_PROBLEM TO WORK ON_
Word for word, repeat each line of the listing below.

_RECORDS SHOWN_
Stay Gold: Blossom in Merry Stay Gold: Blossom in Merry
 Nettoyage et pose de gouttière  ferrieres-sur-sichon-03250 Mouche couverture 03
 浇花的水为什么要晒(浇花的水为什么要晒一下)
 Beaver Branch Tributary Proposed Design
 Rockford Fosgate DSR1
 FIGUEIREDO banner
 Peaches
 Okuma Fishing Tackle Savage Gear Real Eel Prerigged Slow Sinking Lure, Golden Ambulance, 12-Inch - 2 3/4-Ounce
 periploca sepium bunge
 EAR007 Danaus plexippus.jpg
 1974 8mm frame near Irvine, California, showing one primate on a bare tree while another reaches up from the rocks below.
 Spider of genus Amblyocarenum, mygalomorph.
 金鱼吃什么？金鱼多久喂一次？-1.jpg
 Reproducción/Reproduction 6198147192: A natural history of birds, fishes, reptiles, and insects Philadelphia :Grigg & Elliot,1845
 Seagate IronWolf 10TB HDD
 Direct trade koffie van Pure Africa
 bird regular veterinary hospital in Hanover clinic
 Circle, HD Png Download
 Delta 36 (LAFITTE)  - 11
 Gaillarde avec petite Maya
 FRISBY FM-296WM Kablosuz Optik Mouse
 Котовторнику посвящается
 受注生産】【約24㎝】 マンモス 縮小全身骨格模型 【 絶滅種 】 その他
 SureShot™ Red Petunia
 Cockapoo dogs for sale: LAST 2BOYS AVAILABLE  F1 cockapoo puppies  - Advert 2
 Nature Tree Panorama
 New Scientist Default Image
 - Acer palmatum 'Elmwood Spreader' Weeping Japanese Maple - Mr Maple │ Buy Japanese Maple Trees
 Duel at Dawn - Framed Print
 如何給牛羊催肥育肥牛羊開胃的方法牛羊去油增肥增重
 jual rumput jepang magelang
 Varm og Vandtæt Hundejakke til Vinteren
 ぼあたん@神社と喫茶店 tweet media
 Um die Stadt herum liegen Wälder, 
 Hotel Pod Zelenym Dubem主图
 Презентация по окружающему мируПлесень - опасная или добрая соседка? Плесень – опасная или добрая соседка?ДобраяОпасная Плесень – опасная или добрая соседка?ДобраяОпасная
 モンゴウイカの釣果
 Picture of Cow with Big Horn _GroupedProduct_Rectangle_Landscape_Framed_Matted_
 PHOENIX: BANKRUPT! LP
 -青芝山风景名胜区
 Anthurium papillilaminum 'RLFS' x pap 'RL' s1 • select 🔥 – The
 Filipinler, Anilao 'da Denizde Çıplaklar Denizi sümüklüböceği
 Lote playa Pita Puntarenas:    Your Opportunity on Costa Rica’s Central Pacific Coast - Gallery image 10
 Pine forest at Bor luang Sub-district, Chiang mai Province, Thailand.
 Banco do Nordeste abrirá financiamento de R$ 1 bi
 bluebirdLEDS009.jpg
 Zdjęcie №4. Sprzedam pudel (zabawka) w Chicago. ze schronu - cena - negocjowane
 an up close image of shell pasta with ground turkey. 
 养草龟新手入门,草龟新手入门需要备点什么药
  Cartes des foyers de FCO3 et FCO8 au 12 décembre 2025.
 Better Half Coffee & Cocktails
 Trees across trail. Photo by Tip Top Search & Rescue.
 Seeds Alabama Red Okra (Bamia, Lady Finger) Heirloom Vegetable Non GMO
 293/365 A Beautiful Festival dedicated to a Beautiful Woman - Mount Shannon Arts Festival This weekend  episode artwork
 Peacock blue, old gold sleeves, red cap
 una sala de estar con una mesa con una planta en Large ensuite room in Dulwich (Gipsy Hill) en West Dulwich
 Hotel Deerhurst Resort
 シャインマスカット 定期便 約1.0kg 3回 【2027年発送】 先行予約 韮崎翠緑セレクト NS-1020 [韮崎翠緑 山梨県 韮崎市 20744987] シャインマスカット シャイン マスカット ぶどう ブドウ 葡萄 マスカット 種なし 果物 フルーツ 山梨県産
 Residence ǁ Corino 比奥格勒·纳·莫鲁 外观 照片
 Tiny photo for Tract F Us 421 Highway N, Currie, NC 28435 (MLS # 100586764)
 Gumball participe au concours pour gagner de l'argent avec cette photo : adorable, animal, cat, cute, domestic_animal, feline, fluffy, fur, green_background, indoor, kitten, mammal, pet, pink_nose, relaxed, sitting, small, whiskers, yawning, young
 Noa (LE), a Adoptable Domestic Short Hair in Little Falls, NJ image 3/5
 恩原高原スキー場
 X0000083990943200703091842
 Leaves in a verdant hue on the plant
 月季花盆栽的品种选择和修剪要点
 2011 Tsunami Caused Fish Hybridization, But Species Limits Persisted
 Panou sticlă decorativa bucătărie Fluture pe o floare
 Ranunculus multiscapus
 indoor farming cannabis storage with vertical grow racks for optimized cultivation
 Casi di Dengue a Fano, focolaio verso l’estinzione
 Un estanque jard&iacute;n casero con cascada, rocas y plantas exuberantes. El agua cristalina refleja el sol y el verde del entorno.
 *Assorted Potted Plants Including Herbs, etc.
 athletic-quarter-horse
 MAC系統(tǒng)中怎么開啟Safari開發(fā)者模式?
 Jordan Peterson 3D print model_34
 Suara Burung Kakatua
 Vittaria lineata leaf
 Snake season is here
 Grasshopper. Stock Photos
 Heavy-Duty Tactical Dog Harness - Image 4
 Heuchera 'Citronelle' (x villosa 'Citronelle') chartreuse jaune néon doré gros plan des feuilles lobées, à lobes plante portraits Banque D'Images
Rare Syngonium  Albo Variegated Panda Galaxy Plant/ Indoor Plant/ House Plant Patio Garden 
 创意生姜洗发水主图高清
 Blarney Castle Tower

_FINISHED TASK_
Stay Gold: Blossom in Merry Stay Gold: Blossom in Merry
 Nettoyage et pose de gouttière  ferrieres-sur-sichon-03250 Mouche couverture 03
 浇花的水为什么要晒(浇花的水为什么要晒一下)
 Beaver Branch Tributary Proposed Design
 Rockford Fosgate DSR1
 FIGUEIREDO banner
 Peaches
 Okuma Fishing Tackle Savage Gear Real Eel Prerigged Slow Sinking Lure, Golden Ambulance, 12-Inch - 2 3/4-Ounce
 periploca sepium bunge
 EAR007 Danaus plexippus.jpg
 1974 8mm frame near Irvine, California, showing one primate on a bare tree while another reaches up from the rocks below.
 Spider of genus Amblyocarenum, mygalomorph.
 金鱼吃什么？金鱼多久喂一次？-1.jpg
 Reproducción/Reproduction 6198147192: A natural history of birds, fishes, reptiles, and insects Philadelphia :Grigg & Elliot,1845
 Seagate IronWolf 10TB HDD
 Direct trade koffie van Pure Africa
 bird regular veterinary hospital in Hanover clinic
 Circle, HD Png Download
 Delta 36 (LAFITTE)  - 11
 Gaillarde avec petite Maya
 FRISBY FM-296WM Kablosuz Optik Mouse
 Котовторнику посвящается
 受注生産】【約24㎝】 マンモス 縮小全身骨格模型 【 絶滅種 】 その他
 SureShot™ Red Petunia
 Cockapoo dogs for sale: LAST 2BOYS AVAILABLE  F1 cockapoo puppies  - Advert 2
 Nature Tree Panorama
 New Scientist Default Image
 - Acer palmatum 'Elmwood Spreader' Weeping Japanese Maple - Mr Maple │ Buy Japanese Maple Trees
 Duel at Dawn - Framed Print
 如何給牛羊催肥育肥牛羊開胃的方法牛羊去油增肥增重
 jual rumput jepang magelang
 Varm og Vandtæt Hundejakke til Vinteren
 ぼあたん@神社と喫茶店 tweet media
 Um die Stadt herum liegen Wälder, 
 Hotel Pod Zelenym Dubem主图
 Презентация по окружающему мируПлесень - опасная или добрая соседка? Плесень – опасная или добрая соседка?ДобраяОпасная Плесень – опасная или добрая соседка?ДобраяОпасная
 モンゴウイカの釣果
 Picture of Cow with Big Horn _GroupedProduct_Rectangle_Landscape_Framed_Matted_
 PHOENIX: BANKRUPT! LP
 -青芝山风景名胜区
 Anthurium papillilaminum 'RLFS' x pap 'RL' s1 • select 🔥 – The
 Filipinler, Anilao 'da Denizde Çıplaklar Denizi sümüklüböceği
 Lote playa Pita Puntarenas:    Your Opportunity on Costa Rica’s Central Pacific Coast - Gallery image 10
 Pine forest at Bor luang Sub-district, Chiang mai Province, Thailand.
 Banco do Nordeste abrirá financiamento de R$ 1 bi
 bluebirdLEDS009.jpg
 Zdjęcie №4. Sprzedam pudel (zabawka) w Chicago. ze schronu - cena - negocjowane
 an up close image of shell pasta with ground turkey. 
 养草龟新手入门,草龟新手入门需要备点什么药
  Cartes des foyers de FCO3 et FCO8 au 12 décembre 2025.
 Better Half Coffee & Cocktails
 Trees across trail. Photo by Tip Top Search & Rescue.
 Seeds Alabama Red Okra (Bamia, Lady Finger) Heirloom Vegetable Non GMO
 293/365 A Beautiful Festival dedicated to a Beautiful Woman - Mount Shannon Arts Festival This weekend  episode artwork
 Peacock blue, old gold sleeves, red cap
 una sala de estar con una mesa con una planta en Large ensuite room in Dulwich (Gipsy Hill) en West Dulwich
 Hotel Deerhurst Resort
 シャインマスカット 定期便 約1.0kg 3回 【2027年発送】 先行予約 韮崎翠緑セレクト NS-1020 [韮崎翠緑 山梨県 韮崎市 20744987] シャインマスカット シャイン マスカット ぶどう ブドウ 葡萄 マスカット 種なし 果物 フルーツ 山梨県産
 Residence ǁ Corino 比奥格勒·纳·莫鲁 外观 照片
 Tiny photo for Tract F Us 421 Highway N, Currie, NC 28435 (MLS # 100586764)
 Gumball participe au concours pour gagner de l'argent avec cette photo : adorable, animal, cat, cute, domestic_animal, feline, fluffy, fur, green_background, indoor, kitten, mammal, pet, pink_nose, relaxed, sitting, small, whiskers, yawning, young
 Noa (LE), a Adoptable Domestic Short Hair in Little Falls, NJ image 3/5
 恩原高原スキー場
 X0000083990943200703091842
 Leaves in a verdant hue on the plant
 月季花盆栽的品种选择和修剪要点
 2011 Tsunami Caused Fish Hybridization, But Species Limits Persisted
 Panou sticlă decorativa bucătărie Fluture pe o floare
 Ranunculus multiscapus
 indoor farming cannabis storage with vertical grow racks for optimized cultivation
 Casi di Dengue a Fano, focolaio verso l’estinzione
 Un estanque jard&iacute;n casero con cascada, rocas y plantas exuberantes. El agua cristalina refleja el sol y el verde del entorno.
 *Assorted Potted Plants Including Herbs, etc.
 athletic-quarter-horse
 MAC系統(tǒng)中怎么開啟Safari開發(fā)者模式?
 Jordan Peterson 3D print model_34
 Suara Burung Kakatua
 Vittaria lineata leaf
 Snake season is here
 Grasshopper. Stock Photos
 Heavy-Duty Tactical Dog Harness - Image 4
 Heuchera 'Citronelle' (x villosa 'Citronelle') chartreuse jaune néon doré gros plan des feuilles lobées, à lobes plante portraits Banque D'Images
Rare Syngonium  Albo Variegated Panda Galaxy Plant/ Indoor Plant/ House Plant Patio Garden 
 创意生姜洗发水主图高清
 Blarney Castle Tower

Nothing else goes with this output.